Repeat the lines of the material below exactly, beginning at the one with "Seahorses, Ocean Creature" and stopping after the last.

────────────────────

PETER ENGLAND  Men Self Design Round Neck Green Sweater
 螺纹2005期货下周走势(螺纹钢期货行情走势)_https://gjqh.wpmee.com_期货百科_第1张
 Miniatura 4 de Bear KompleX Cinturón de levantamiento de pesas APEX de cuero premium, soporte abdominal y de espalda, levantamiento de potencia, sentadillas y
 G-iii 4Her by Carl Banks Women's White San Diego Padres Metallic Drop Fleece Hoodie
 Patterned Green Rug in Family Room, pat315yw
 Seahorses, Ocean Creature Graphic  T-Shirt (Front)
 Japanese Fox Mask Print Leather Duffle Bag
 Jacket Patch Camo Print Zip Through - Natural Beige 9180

────────────────────

> COMPLETED TASK
 Seahorses, Ocean Creature Graphic  T-Shirt (Front)
 Japanese Fox Mask Print Leather Duffle Bag
 Jacket Patch Camo Print Zip Through - Natural Beige 9180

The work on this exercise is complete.